Hintergrund für Gisdols Äußerung war das Relegations-Rückspiel des HSV beim Karlsruher SC vor zwei Jahren. Gräfe hatte damals kurz vor dem Ende beim Stand von 1:0 für den KSC nach einem Handspiel einen umstrittenen Freistoß für die Gäste gegeben, der zum Ausgleich verwandelt wurde.

In der Verlängerung setzte sich der Erstligist durch und schaffte den Klassenerhalt. Dass derselbe Unparteiische nun erneut eine Alles-oder-nichts-Partie der Hamburger leiten sollte, sahen deshalb viele kritisch –darunter beispielsweise auch die früheren FIFA-Referees Markus Merk und Bernd Heynemann.

Bemerkenswerte Zurückhaltung von Gisdol und Jonker

Sie befürchteten, dass die Vorgeschichte das Spiel belasten und den Schiedsrichter unnötig in den Mittelpunkt rücken könnte. Denn bei weiteren zweifelhaften Entscheidungen zugunsten des HSV hätte man Gräfe womöglich unterstellt, Sympathien für den "Liga-Dino" zu haben, also nicht neutral zu sein.

Bei fragwürdigen Pfiffen zum Vorteil der Wolfsburger wiederum hätte es vielleicht geheißen, er habe aus schlechtem Gewissen gehandelt. Unter diesen Voraussetzungen hätte Manuel Gräfe stets im Fokus gestanden und nur verlieren können, unabhängig von seiner wirklichen Leistung.

"Das war eine unglaublich schlechte Entscheidung vom DFB", wurde Markus Gisdol deshalb nach dem Spiel deutlich. Vor der Begegnung dagegen hatte er sich – wie auch sein Gegenüber Andries Jonker – bewusst zurückgehalten, um die Diskussion nicht noch zu befeuern.

Man mag das für selbstverständlich halten. Andererseits gibt es immer wieder Spiele, vor denen Spieler, Trainer oder Funktionäre über die Medien Druck auf die Unparteiischen ausüben, um sie in ihrem Sinne zu beeinflussen. Deshalb waren Gisdols und Jonkers leise Töne bemerkenswert.

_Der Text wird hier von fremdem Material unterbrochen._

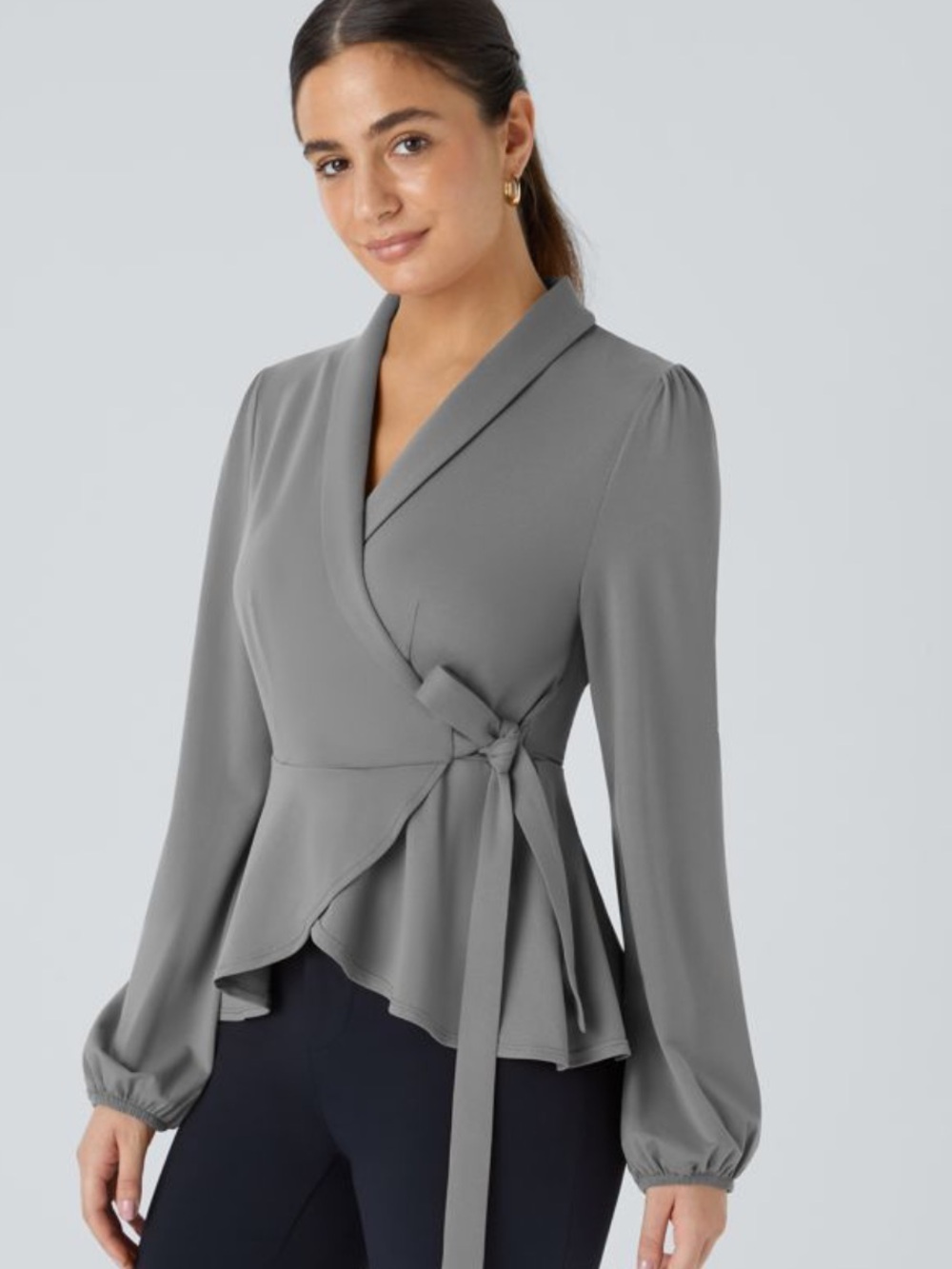 Shawl Collar Wrapped Tie Side Ruffle Hem Work Blouse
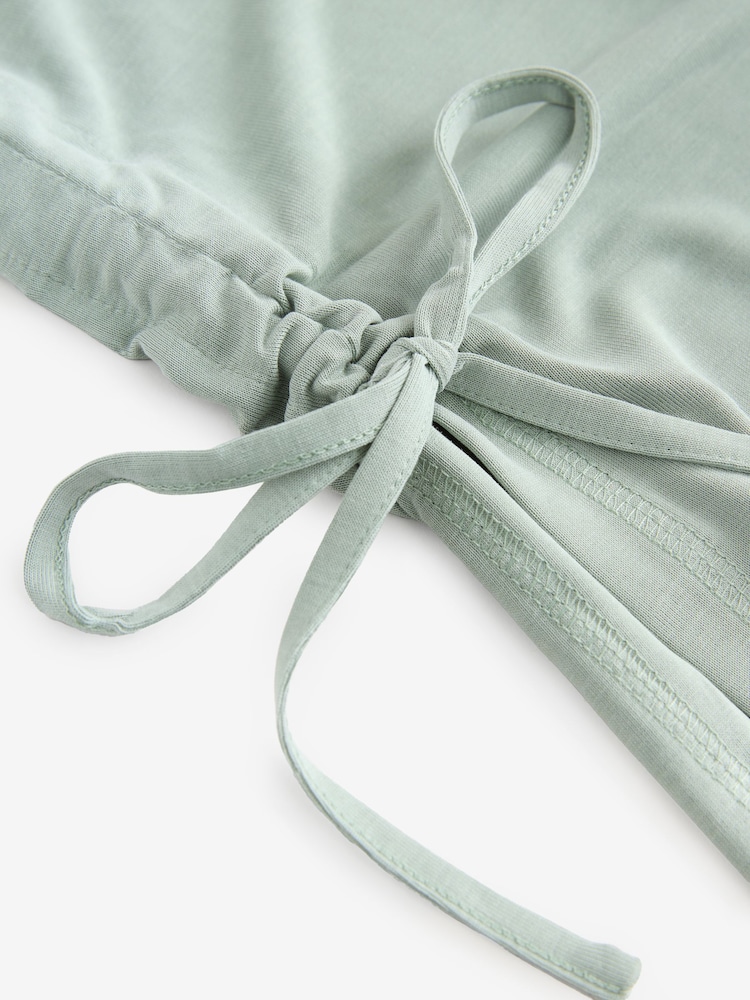 Sage Green Active Lightweight Modal Ruched Side Tank Vest - Image 8 of 8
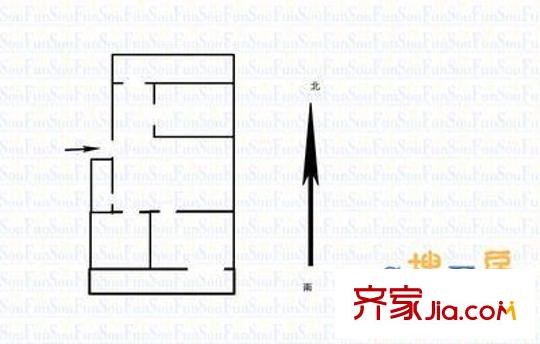 上北河灣鐵路宿舍 3室 戶(hù)型圖
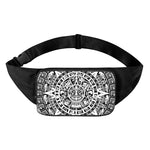 White And Black Maya Calendar Print Waist Bag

Abgeklärter Gräfe trotzt dem Druck

Noch bemerkenswerter war es, wie Manuel Gräfe mit der Situation umging. Sicherlich hatte er auch das Glück, dass es gar nicht erst zu kritischen Szenen kam, bei denen seine Entscheidungen den Ausgang des Spiels beeinflussten.
Dennoch waren die Ruhe, mit der er diese streckenweise hitzige und hektische Partie leitete, seine Nervenstärke und seine unaufgeregte Art, seine Konsequenz und Akzeptanz beachtlich – vor allem angesichts der für ihn so schwierigen Umstände.
Gräfe kühlte die Gemüter immer wieder mit kurzen Ansprachen und klarer Gestik ab. Taktische Fouls, beispielsweise von HSV-Kapitän Gōtoku Sakai und dem Wolfsburger Vieirinha, ahndete er rigoros mit Gelben Karten. Kyriakos Papadopoulos wurde für seinen Ellbogencheck gegen Paul-Georges Ntep ebenfalls zu Recht verwarnt, wie auch Josuha Guilavogui, der Nicolai Müller ein Bein stellte.
Dazu kamen richtige Entscheidungen des Referees in potenziell heiklen Szenen – wie etwa, keinen Elfmeter für Wolfsburg zu geben, als Albin Ekdal den Ball in der 51. Minute mit der Hand spielte, von Yannick Gerhardt vorher jedoch geschubst worden war.

Genügend Alternativen vorhanden

Am Ende ging also alles gut, der Schiedsrichter hatte das Spiel mit seiner ganzen Persönlichkeit und Erfahrung bewältigt. Auch beim DFB dürfte man deshalb hörbar aufgeatmet haben.

Zur Begründung für die Ansetzung von Gräfe hieß es vor dort, andere Top-Referees stünden gerade nicht zur Verfügung oder seien – wie Deniz Aytekin mit dem DFB-Pokal-Endspiel oder Felix Brych mit dem Champions-League-Finale – schon mit der Leitung von ebenfalls entscheidenden Spielen betraut.

Besonders überzeugend war dieses Argument allerdings nicht. Schließlich hätte es auch unter den verbleibenden Bundesliga-Schiedsrichtern genügend Alternativen gegeben. Wie zum Beweis wurde auch in den anderen Stadien an diesem letzten Spieltag der Saison 2016/17 kaum einmal über die Entscheidungen der Unparteiischen debattiert. Und das, obwohl vielerorts noch eine Menge auf dem Spiel stand.